The items that were designed to measure the concept of universalism-particularism also load
highly on this first dimension, though there are also smaller correlations with the other two
dimensions, particularly the third. Country samples situated toward the positive pole of the
dimension tend to be more universalistic, whereas those toward the negative pole are more
particularistic. It should be recalled that these items measured both behavioral intentions and
perceptions of norms. In the case of each of the four scenarios, the perceptions of whether the
friend has a right to expect favorable treatment are associated more closely with the dimension
than the behavioral intention. The index labeled RIGHTS in Table 2 is a weighted summation of
each of the four items pertaining to the friend’s right to preferential treatment. The country-level
alpha coefficient for this scale is 0.91.
Next, there are a number of perhaps less coherent forced-choice items that also relate strongly to
the first dimension. Question 18 has a very high association, as can be seen from the multiple
correlation and direction cosines. This item asks respondents whether or not they believe that a
company should take some responsibility for the housing of employees or whether this task
should rest solely on the employee. Countries toward the positive pole tend to believe that
housing is the sole responsibility of the employee. There may be no directly logical reason why
provision of company housing should covary with ascribed status and high particularism, but the
pattern of further responses presented below indicates a preference for a strong and long-term
involvement by the employer in many aspects of the employee’s life.
The response pattern to Question 18 is mirrored somewhat in that of Questions 16 and 19, though
the relationships are considerably weaker. Question 19 concerns the ways in which companies
should determine the income of their employees. In one view, the company should take account
of the size of the employee’s family, whereas the other view suggests that the employee “should
be paid entirely according to the work he is doing for the company.” This latter view is more
consistent with an emphasis on achieved status. Question 16 concerns the impending marriage of
a colleague. In one view, the company should be involved in throwing a party to celebrate the
marriage, whereas the alternative view emphasizes that marriage is a “family affair” and that the
company should not be responsible for organizing a party. The measure in Table 2 labeled
PATERNALISM is a summation of the four questionnaire items (11, 16, 18, and 19) that refer to
aspects of company paternalism in the life of the individual. It is highly associated with this first
dimension.
Question 23 asked how employees should be compensated for working overtime. One response,
favored by country samples at the negative pole of the dimension, suggests that working overtime
belongs to the job and that the boss’s appreciation is reward enough, whereas countries at the
positive pole believe that overtime should be financially rewarded and regulated contractually.
This appears conceptually consistent with the meaning of universal-ism-particularism and
achievement-ascription.
Question 21, which also loads highly on the first dimension, refers to the organizational structure
of work environments. One view, endorsed more often by samples at the negative pole, suggests
that “the main reason for having an organizational structure is so that everyone knows who has
authority over whom,” whereas the opposing response is that “the main reason for having an
organizational structure is so that everyone knows how functions are allocated and coordinated.”

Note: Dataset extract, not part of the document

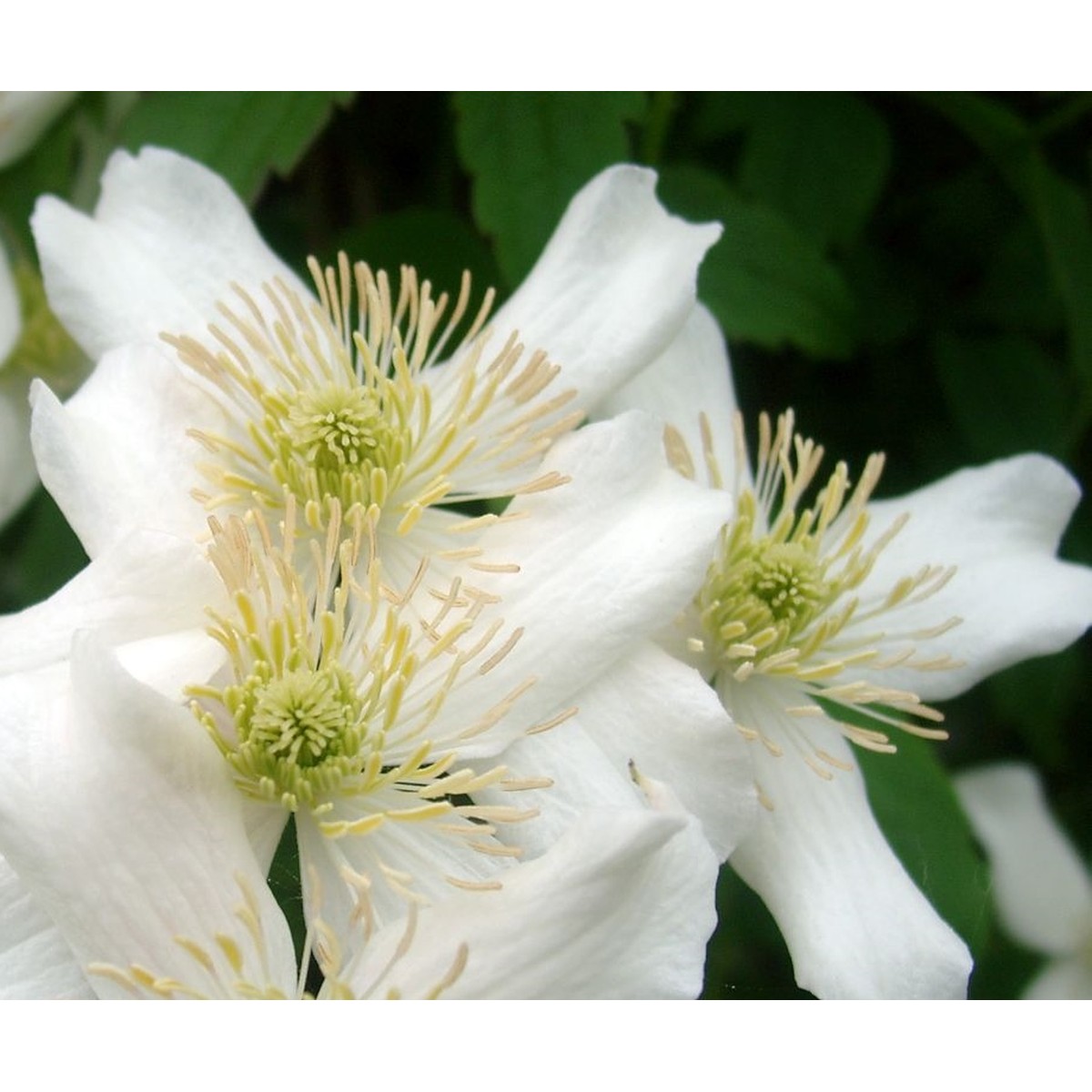   Clematis montana 'Grandiflora'  3 Tuteurs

The emphasis on formalized hierarchy is characteristic of societies where ascribed status is more
emphatic.
Question 13 asks what makes a good manager. In one view, endorsed more often in nations at the
positive pole, the manager facilitates the execution of tasks but intervenes only when necessary.
The other view endorses the idea of the manager as a paternalistic figure, “a kind of father” who
“guides his subordinates continuously,” gets subordinates working well together, and knows the
answers to most problems that crop up. Question 10 follows a similar pattern. Here respondents
are asked to imagine a situation where they are given an order by a boss that they believe to be
wrong. Samples toward the positive pole of the dimension think that the individual should be able
to point out the mistake to the boss, whereas at the negative pole, the view is that “in most cases
the boss is right. Even if he is wrong, one should do what he tells you to do, otherwise there will
be problems.” Responses to Question 10 also correlate moderately with the second dimension.
Thus, if we consider these items for the moment as referring to power distance, then the highest
power distance will be found at the upper left quadrant of the projection of the first two
dimensions, whereas the lowest will be found at the lower fight quadrant. The direction of fit to
the solution is the same as that of the country scores for Hofstede’s (1980) dimensions of
individualism-collectivism and power distance, which are discussed a little later.
A weighted combination of the measures labeled ACHASC, RIGHTS, and PATERNALISM
obtained a multiple correlation with the first dimension of .98 in a multiple regression analysis,
thus explaining virtually all of the variation upon it.
DIMENSION 2
The items that are associated with Dimension 2 are primarily items that Trompenaars (1985)
intended to measure the concept of individualism-collectivism. For greater clarity, they are here
identified as contrasting involvement in a group or organization on the basis of loyalty or on the
basis of utilitarian considerations. The measures most closely associated with the second
dimension are Questions 39 and 8, as evidenced by the high multiple correlations and the high
direction cosines. Question 39 poses the dilemma of what a family should do with a father’s
business when he has died. Should the children keep the business and work together to improve it
(loyal response), or should they sell their individual shares to set up on their own (utilitarian
response). Those country samples scoring high on the second dimension were more likely to opt
for the loyal response, whereas the converse was true for the samples located toward the negative
pole of the dimension:
Question 8 invited respondents to consider whether the responsibility for a fault in an installation
caused by negligence of a team member should be apportioned to that individual alone, or
whether the responsibility should be carried by the group (“this time one member has made a
mistake, the next time someone else will make one”). Question 7 asked the sample what would be
most prominent in their thoughts if they were to be promoted, either the “new group of people
with whom you will work,” or “the increased work responsibility and the higher income.”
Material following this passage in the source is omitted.